2. Iemand die beroep instelt, moet op grond van artikel 8:41, eerste lid, van de Awb griffierecht betalen. In een zaak als deze is het griffierecht op grond van artikel 8:41, tweede lid, van de Awb, gelezen in samenhang met de bij de Awb behorende Regeling verlaagd griffierecht € 48. Op grond van artikel 8:41, vijfde lid, van de Awb moet het griffierecht binnen vier weken na verzending van de mededeling van de griffier dat het verschuldigd is, zijn bijgeschreven op de rekening van de rechtbank of zijn betaald op de griffie van de rechtbank. Als het griffierecht niet of niet tijdig is betaald, is het beroep op grond van artikel 8:41, zesde lid, van de Awb niet-ontvankelijk. Dat is alleen anders als het niet of niet tijdig betalen van het griffierecht verontschuldigbaar is.
3. De griffier heeft bij brief van 1 april 2020 eiser in de gelegenheid gesteld het griffierecht te betalen binnen vier weken na dagtekening van die brief. Eiser heeft niet gereageerd. Vervolgens heeft de griffier bij aangetekend verzonden brief van 30 april 2020 eiser nogmaals in de gelegenheid gesteld het griffierecht te betalen binnen vier weken na dagtekening van die brief. Nader door de rechtbank ingesteld onderzoek bij PostNL heeft uitgewezen dat deze brief op 2 mei 2020 is bezorgd. Eiser heeft niet gereageerd.
4. Eiser heeft het griffierecht niet op tijd betaald. Eiser heeft geen reden gegeven voor dit verzuim. Er is dus niet gebleken van een verontschuldiging voor dit verzuim.
5. Verder merkt de rechtbank op dat eiser, gelet op de artikelen 6:5 en 6:6 van de Awb, ook in verzuim is geweest binnen de gestelde termijn een afschrift van het besluit waarop het geschil betrekking heeft over te leggen.
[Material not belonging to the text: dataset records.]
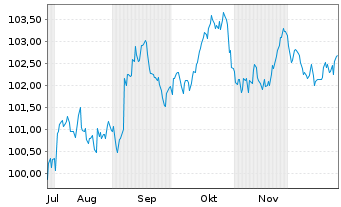 Chart PepsiCo Inc. DL-Notes 2025(25/35) - 6 Months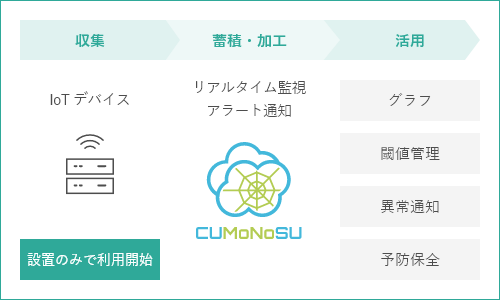 N社 様の事例の図
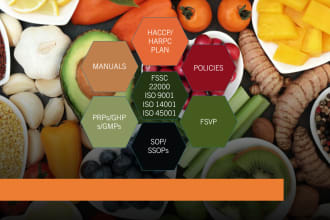 do  your urgent  haccp harpc fsvp fssc 22000 iso 45001  9001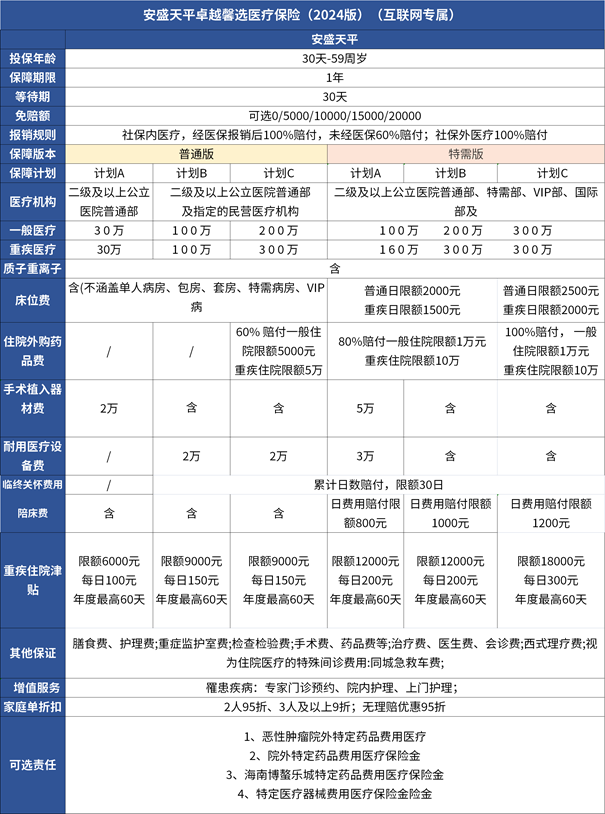 2024最值得买的中端医疗险保险，我推荐这3款有保障价格又便宜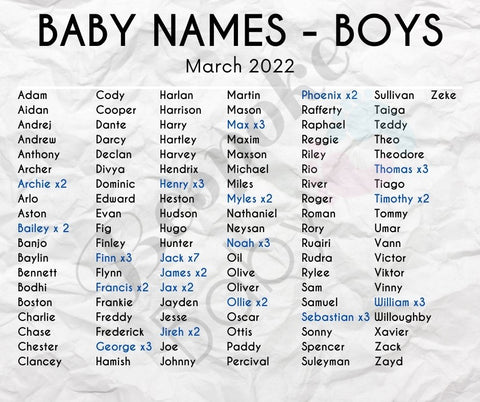 Baby Names | Boys March 2022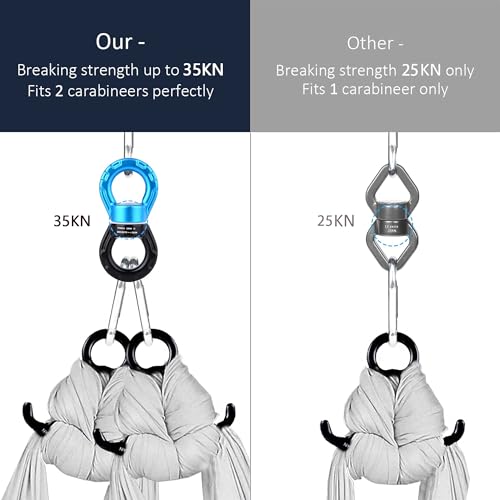 Swing Swivel 35KN Breaking Strength 360° Rotator Safety Rotational Device Hanging Accessory for Rock Climbing, Hanging Hammock, Web Tree Swing, Aerial Dance, Children's Swing Spinner Hanger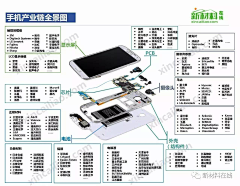 赤艺采集到资料-知识地图/脑图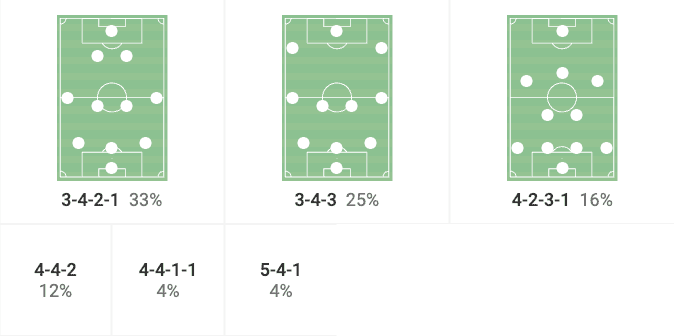 Bundesliga 2023/24: VfB Stuttgart vs. Leverkusen - tactical analysis tactics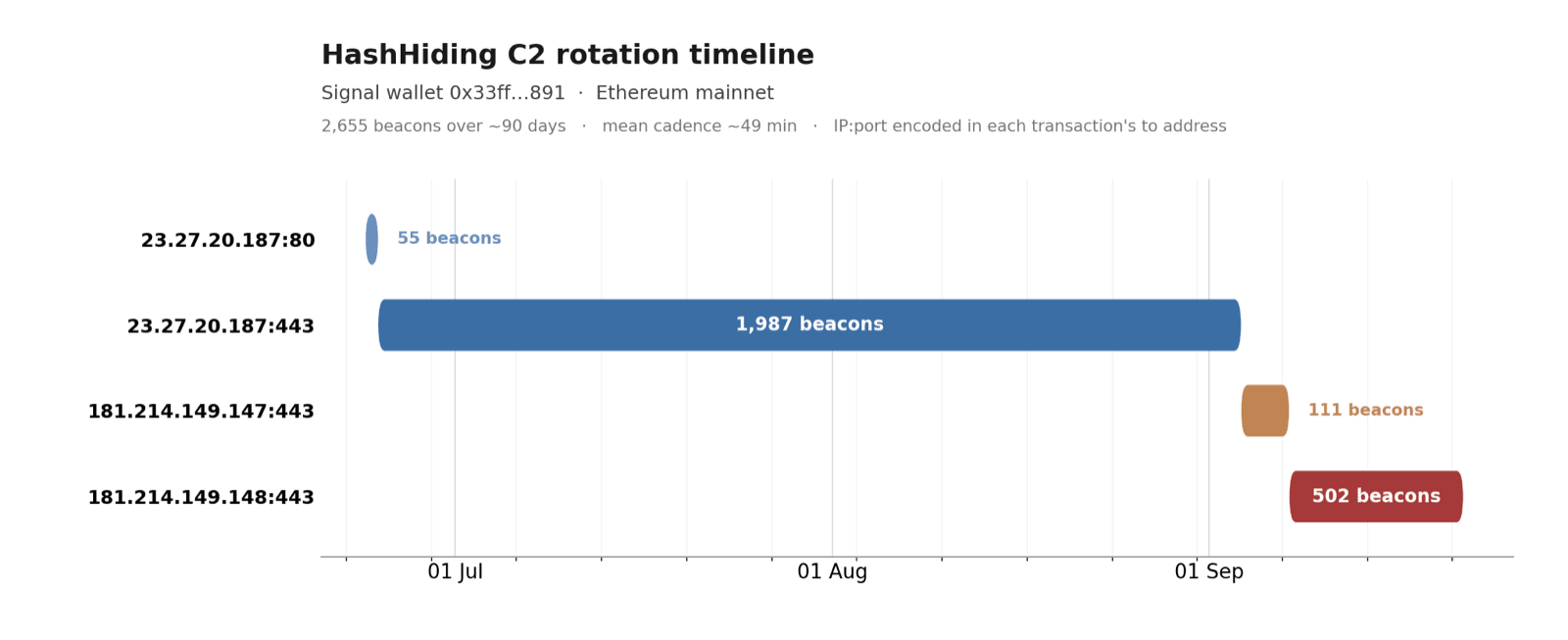 Timeline of HashHiding beacon transactions from June to September 2026, showing four C2 rotations.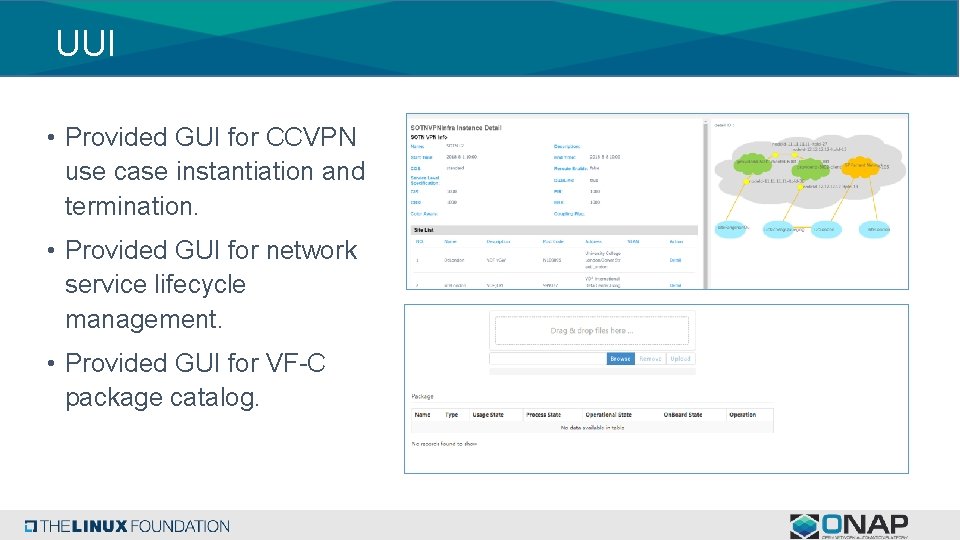 UUI • Provided GUI for CCVPN use case instantiation and termination. • Provided GUI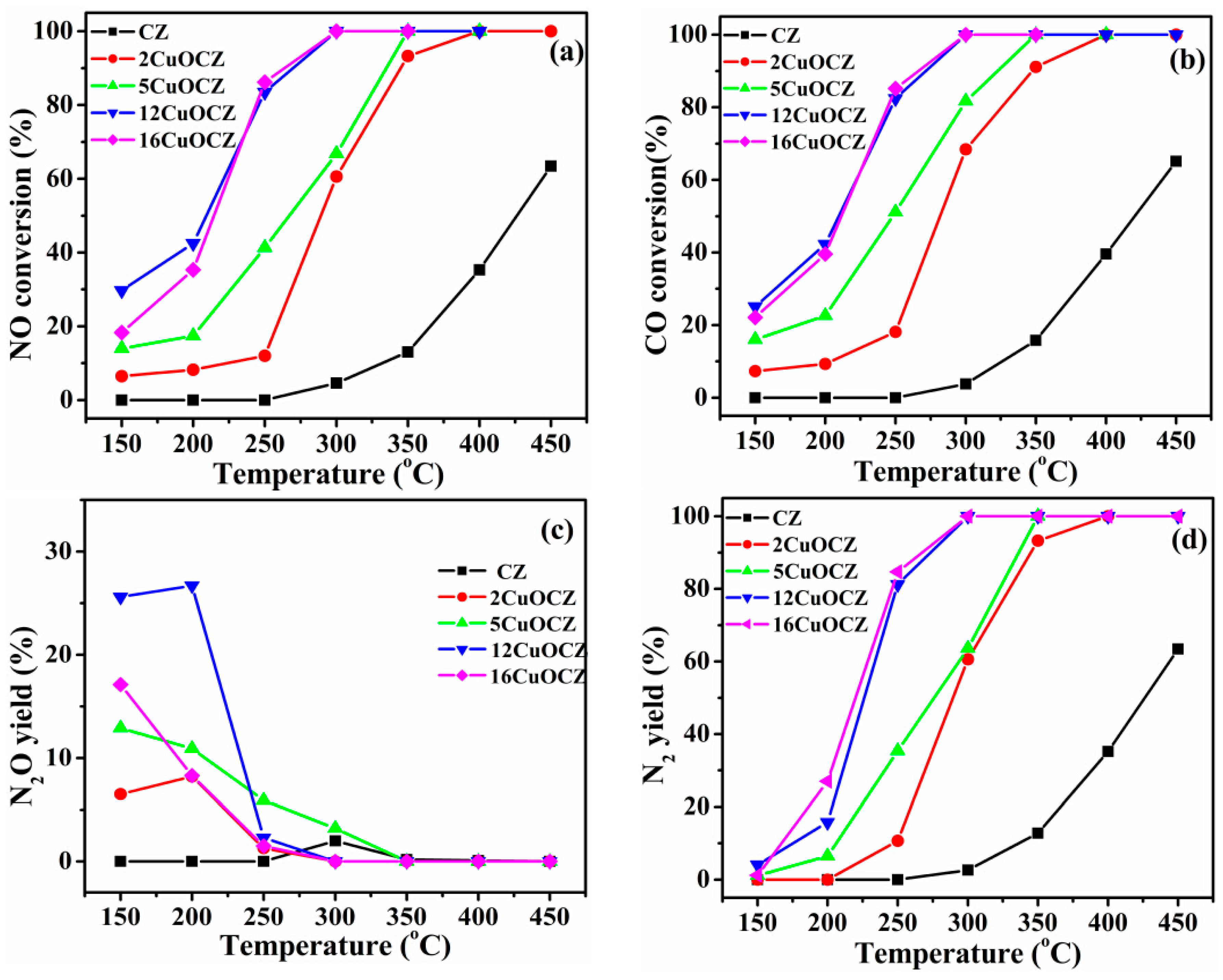 Catalysts 06 00124 g006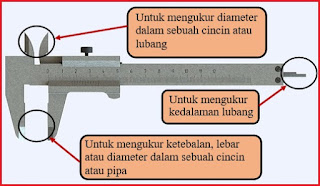 Keuntungan Menggunakan Jangka Sorong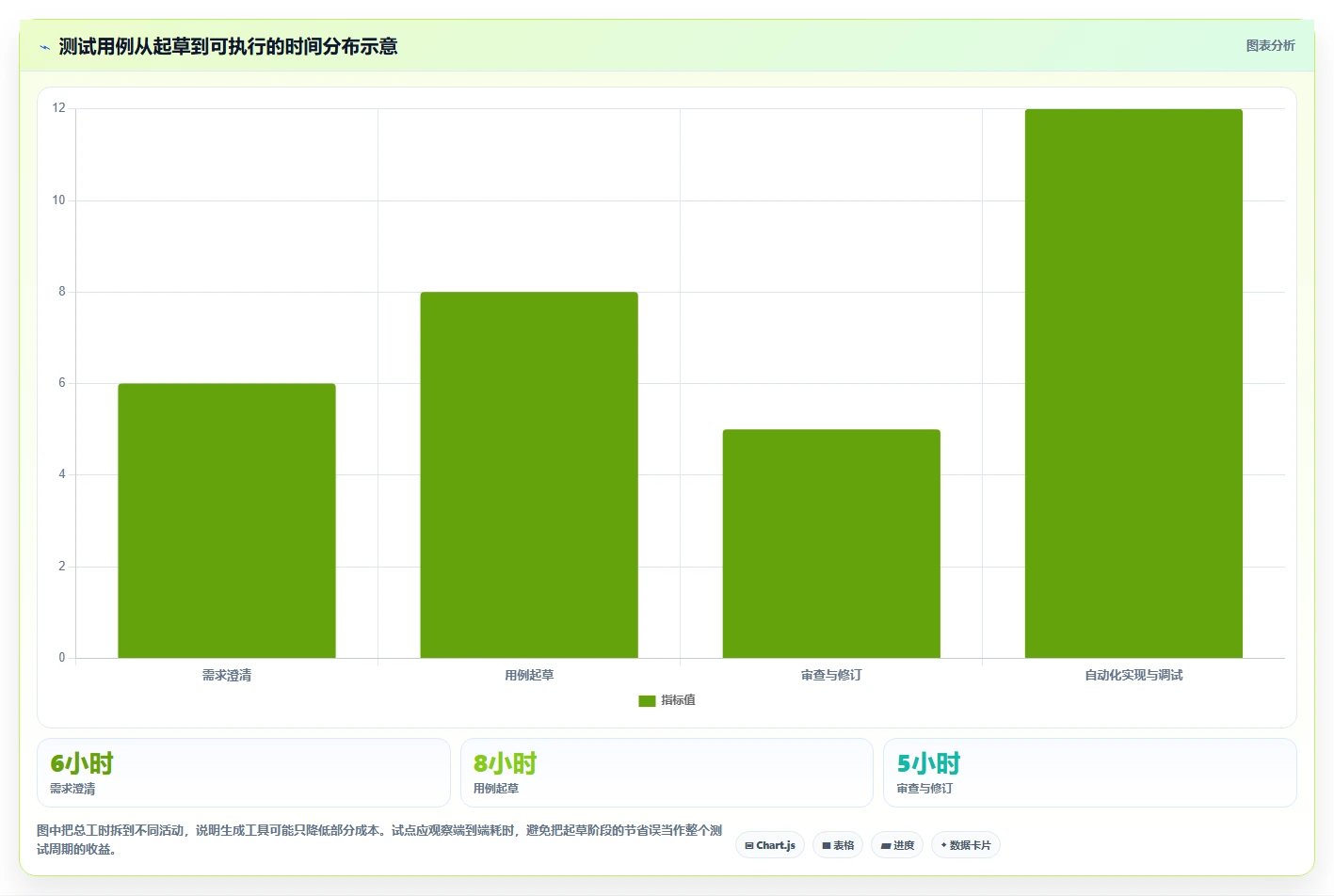 测试工程师必看:2026年最值得投资的5大生成测试用例得工具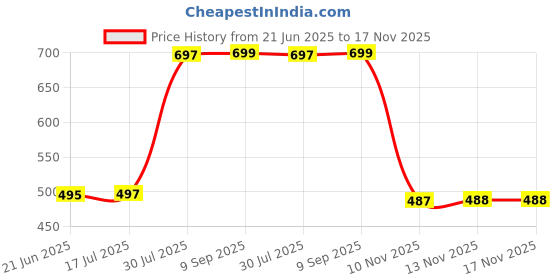 flipkart.com tapovan fashion Self Design Bollywood Chiffon Saree tapovan fashion Price History Graph from 21 Jun 2025 to 16 Nov 2025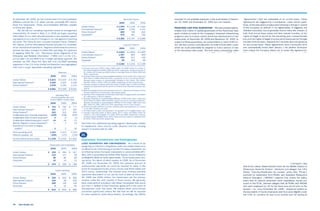  yum brands annual reports 2006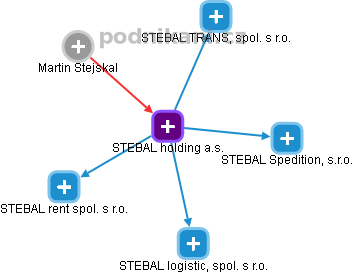 STEBAL holding a.s. - náhled vizuálního zobrazení vztahů obchodního rejstříku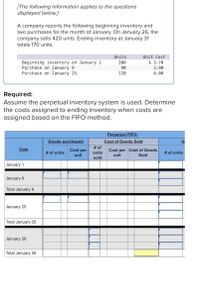 [The following information applies to the questions
displayed below.]
A company reports the following beginning inventory and
two purchases for the month of January. On January 26, the
company sells 420 units. Ending inventory at January 31
totals 170 units.
Units
Unit Cost
380
$ 3.70
Beginning inventory on January 1
Purchase on January 9
90
3.90
Purchase on January 25
120
4.00
Required:
Assume the perpetual inventory system is used. Determine
the costs assigned to ending inventory when costs are
assigned based on the FIFO method.
Perpetual FIFO:
Cost of Goods Sold
Goods purchased
In
Date
# of units
Cost per
unit
Cost per Cost of Goods
unit
Sold
January 1
January 9
Total January 9
January 25
Total January 25
January 26
Total January 26
# of
units
sold
# of units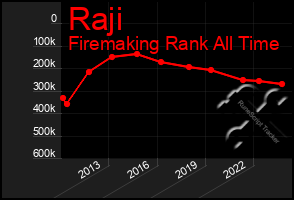 Total Graph of Raji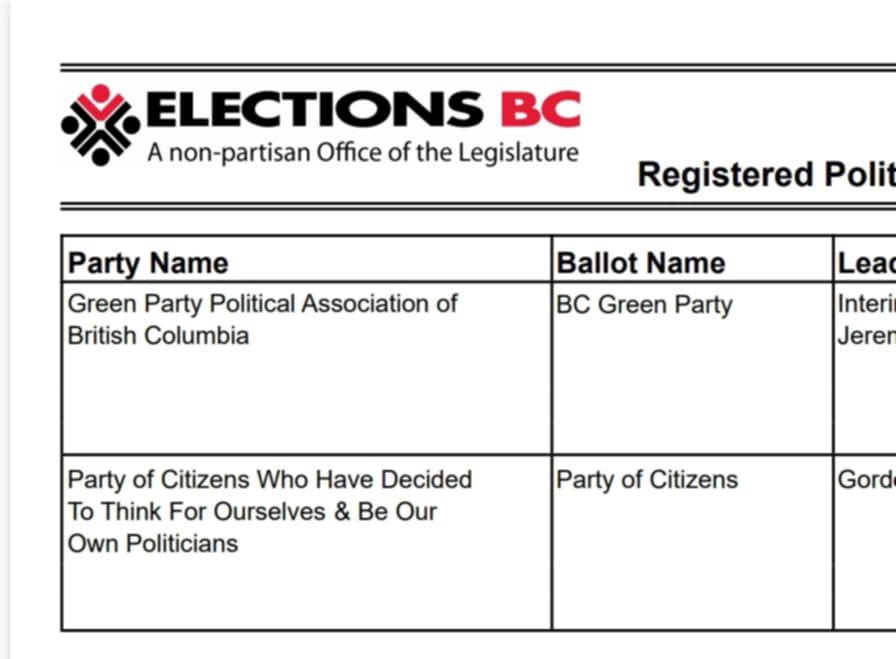 Okay, who did this? #bcpoli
Bij aangetekend verzonden brief van 27 mei 2020 is eiser gewezen op dit verzuim en is hij verzocht om het uiterlijk binnen vier weken na datum van verzending te herstellen. Hierbij is vermeld dat, indien eiser niet aan dit verzoek voldoet, het beroep niet-ontvankelijk kan worden verklaard. Nader door de rechtbank ingesteld onderzoek bij PostNL heeft uitgewezen dat deze brief op 28 mei 2020 is bezorgd. Eiser heeft niet gereageerd. Eiser heeft geen reden gegeven voor dit verzuim. Er is dus niet gebleken van een verontschuldiging voor dit verzuim.
6. Het beroep is daarom kennelijk niet-ontvankelijk.
7. Voor een proceskostenveroordeling bestaat geen aanleiding.

Beslissing

De rechtbank verklaart het beroep niet-ontvankelijk.
Deze uitspraak is gedaan door mr. M.C. van As, rechter, in aanwezigheid van N. Joacim, griffier. Deze uitspraak is gedaan op 24 juli 2020. Als gevolg van maatregelen rondom het coronavirus is deze uitspraak niet uitgesproken op een openbare uitsprakenzitting. Zodra het openbaar uitspreken weer mogelijk is, wordt deze uitspraak, voor zover nodig, alsnog in het openbaar uitgesproken.
griffier rechter
Afschrift verzonden aan partijen op:

Rechtsmiddel

Tegen deze uitspraak kan binnen zes weken na de dag van verzending daarvan verzet worden gedaan bij deze rechtbank. De indiener van het verzetschrift kan daarbij vragen in de gelegenheid te worden gesteld over het verzet te worden gehoord. De werking van deze uitspraak wordt opgeschort totdat de termijn voor het instellen van verzet is verstreken of, indien verzet wordt ingesteld, op dat verzet is beslist.